Ending Hunger

By Hannah Wallace November 30, 2006

Smith Barney's Joel Swallow will celebrate 40 years in the financial services industry in 2007. But perhaps what he's most proud of is serving Sarasota and Bradenton's neediest families through nearly two decades of volunteering with the bi-county Mayors' Feed the Hungry program.

Last holiday season, the all-volunteer organization collected enough money from donors to purchase more than $100,000 worth of supermarket gift cards and gathered 25 tons of food through food drives in the schools. Agencies such as SPAARC, Senior Friendship Center, the Red Cross, Florida Army National Guard, Goodwill South County, Jewish Family Services, Manatee Glens and St. Jude Ministries then distributed the food and gift cards to their disadvantaged clients.

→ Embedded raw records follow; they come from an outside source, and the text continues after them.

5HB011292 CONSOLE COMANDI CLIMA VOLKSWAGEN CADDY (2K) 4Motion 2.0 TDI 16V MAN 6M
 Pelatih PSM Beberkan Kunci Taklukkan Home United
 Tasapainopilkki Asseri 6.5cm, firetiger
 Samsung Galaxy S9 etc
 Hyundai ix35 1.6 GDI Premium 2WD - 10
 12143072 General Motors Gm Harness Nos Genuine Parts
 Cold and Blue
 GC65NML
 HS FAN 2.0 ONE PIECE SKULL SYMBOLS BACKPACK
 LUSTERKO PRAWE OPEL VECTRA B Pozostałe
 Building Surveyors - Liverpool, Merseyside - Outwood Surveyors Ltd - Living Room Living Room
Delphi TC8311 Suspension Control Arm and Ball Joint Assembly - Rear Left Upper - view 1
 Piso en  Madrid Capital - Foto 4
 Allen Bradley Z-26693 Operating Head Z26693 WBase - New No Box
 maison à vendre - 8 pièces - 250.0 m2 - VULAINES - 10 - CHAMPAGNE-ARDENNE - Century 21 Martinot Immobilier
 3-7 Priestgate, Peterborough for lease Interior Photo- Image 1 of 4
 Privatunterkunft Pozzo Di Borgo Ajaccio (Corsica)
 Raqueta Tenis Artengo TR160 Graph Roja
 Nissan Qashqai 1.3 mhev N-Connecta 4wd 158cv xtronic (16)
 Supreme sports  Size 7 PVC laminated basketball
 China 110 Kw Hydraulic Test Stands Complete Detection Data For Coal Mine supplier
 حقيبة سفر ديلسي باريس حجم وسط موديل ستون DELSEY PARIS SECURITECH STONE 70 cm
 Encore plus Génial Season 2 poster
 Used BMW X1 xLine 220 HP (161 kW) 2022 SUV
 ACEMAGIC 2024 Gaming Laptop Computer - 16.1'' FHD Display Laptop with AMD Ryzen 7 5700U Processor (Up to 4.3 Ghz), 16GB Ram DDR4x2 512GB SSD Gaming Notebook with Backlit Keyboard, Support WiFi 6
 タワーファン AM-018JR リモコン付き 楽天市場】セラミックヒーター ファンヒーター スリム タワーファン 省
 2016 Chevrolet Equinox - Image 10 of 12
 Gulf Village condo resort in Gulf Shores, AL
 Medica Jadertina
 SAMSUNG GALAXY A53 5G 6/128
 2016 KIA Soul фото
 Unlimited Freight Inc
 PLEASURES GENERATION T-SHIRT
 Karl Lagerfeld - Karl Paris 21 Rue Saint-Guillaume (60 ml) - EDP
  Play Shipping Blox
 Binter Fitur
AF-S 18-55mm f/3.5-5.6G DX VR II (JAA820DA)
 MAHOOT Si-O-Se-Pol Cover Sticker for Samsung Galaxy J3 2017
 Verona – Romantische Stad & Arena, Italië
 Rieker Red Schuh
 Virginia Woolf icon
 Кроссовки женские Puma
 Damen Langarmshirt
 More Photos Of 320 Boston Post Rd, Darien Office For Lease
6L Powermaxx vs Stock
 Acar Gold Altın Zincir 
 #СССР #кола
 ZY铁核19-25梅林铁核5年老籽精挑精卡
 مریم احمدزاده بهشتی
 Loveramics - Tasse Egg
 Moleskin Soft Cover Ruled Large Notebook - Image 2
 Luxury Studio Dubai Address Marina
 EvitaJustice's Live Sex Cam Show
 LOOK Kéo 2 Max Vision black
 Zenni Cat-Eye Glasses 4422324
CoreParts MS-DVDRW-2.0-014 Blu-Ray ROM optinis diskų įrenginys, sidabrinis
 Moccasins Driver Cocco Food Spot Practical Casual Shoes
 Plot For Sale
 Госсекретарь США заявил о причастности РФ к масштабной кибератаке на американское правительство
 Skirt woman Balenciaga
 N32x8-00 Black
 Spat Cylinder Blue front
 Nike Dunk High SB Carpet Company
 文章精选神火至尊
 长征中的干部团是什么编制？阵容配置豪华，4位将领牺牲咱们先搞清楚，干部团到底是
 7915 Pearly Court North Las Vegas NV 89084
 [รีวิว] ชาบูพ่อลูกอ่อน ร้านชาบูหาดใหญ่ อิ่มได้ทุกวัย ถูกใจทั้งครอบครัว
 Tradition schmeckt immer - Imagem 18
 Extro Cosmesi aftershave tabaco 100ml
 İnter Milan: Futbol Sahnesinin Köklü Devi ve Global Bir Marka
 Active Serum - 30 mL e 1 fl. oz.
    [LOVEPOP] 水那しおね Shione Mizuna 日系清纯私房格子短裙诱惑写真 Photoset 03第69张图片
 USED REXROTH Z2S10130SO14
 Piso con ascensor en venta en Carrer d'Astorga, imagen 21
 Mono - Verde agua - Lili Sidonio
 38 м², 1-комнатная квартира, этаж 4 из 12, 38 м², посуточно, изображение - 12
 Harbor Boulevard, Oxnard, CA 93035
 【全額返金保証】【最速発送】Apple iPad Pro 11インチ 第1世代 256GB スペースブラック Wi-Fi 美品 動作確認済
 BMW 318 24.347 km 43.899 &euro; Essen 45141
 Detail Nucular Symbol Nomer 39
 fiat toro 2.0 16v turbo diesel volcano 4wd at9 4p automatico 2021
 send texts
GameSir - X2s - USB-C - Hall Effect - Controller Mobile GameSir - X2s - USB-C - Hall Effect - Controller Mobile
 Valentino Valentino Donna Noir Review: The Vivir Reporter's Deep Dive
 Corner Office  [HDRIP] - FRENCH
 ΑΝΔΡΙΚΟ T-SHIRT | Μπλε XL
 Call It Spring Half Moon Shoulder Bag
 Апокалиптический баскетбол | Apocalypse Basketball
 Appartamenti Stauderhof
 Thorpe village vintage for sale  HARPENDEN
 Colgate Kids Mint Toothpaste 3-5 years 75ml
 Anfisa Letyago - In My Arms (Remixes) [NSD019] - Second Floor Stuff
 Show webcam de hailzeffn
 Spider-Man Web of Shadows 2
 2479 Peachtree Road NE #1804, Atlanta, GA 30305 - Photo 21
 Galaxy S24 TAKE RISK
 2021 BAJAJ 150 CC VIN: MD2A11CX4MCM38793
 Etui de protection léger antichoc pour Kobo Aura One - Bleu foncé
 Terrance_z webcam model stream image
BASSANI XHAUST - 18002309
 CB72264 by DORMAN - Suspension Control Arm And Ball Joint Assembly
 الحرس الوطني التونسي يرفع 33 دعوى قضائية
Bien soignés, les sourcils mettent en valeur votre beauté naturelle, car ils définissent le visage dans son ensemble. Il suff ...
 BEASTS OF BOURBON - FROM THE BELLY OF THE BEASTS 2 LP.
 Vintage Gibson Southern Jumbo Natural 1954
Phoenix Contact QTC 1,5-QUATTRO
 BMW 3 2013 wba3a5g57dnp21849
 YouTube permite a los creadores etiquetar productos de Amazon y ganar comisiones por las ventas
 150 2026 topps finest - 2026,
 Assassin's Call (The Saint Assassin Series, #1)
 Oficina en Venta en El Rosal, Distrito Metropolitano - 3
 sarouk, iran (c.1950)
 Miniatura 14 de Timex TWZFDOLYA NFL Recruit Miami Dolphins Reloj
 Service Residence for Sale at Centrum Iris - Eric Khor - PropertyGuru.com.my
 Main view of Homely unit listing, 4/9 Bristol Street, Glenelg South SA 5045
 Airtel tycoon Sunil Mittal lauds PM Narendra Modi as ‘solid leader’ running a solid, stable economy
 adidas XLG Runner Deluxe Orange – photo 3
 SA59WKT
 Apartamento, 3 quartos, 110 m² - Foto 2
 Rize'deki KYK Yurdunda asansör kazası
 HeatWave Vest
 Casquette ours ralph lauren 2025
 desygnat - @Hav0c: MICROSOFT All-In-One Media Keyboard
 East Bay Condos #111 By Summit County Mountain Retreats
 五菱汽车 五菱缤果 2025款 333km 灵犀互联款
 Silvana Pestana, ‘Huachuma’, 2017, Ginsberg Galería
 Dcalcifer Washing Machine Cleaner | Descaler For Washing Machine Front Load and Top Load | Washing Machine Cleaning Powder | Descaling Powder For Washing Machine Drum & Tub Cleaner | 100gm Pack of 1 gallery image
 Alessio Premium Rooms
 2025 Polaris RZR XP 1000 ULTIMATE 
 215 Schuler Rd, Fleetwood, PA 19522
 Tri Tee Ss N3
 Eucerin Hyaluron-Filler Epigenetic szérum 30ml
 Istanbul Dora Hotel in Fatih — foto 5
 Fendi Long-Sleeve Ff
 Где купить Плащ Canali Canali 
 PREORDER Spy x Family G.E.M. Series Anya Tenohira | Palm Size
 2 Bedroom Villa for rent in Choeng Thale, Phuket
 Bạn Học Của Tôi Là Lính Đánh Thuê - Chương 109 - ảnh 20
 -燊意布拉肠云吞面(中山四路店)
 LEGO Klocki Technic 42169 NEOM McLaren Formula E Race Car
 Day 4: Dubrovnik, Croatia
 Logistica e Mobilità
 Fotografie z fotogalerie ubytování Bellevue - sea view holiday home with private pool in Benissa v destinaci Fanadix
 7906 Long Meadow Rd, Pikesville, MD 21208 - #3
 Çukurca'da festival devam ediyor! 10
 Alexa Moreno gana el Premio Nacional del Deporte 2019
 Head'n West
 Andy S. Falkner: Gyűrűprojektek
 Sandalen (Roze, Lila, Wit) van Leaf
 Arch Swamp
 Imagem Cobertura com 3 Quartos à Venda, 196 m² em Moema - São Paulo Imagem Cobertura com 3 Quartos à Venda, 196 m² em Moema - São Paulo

It's a remarkably cost-efficient operation because it consists of a simple solicitation letter. "Our only expenses are postage and mailing," Swallow says.

Remarkably, too, he says, "We get the mayors of Sarasota, Bradenton, Longboat Key, Venice and North Port to sign the solicitation letter to the community. Can you imagine five politicians agreeing on a subject that they want to help out?"

Swallow says working with the Mayors' Feed the Hungry program has opened his eyes to the hidden needs of this well-to-do part of Florida. "There's a real hunger problem in this community," he says, "and unless you're involved in something like this you might not know about it. Three out of five children miss one of three meals a day, and that means they're in danger of going hungry."

Swallow says it also feeds his desire for civic engagement. "The community has been very, very good to me and my family, and this really enables me to give something back," he says. "I feel good about that."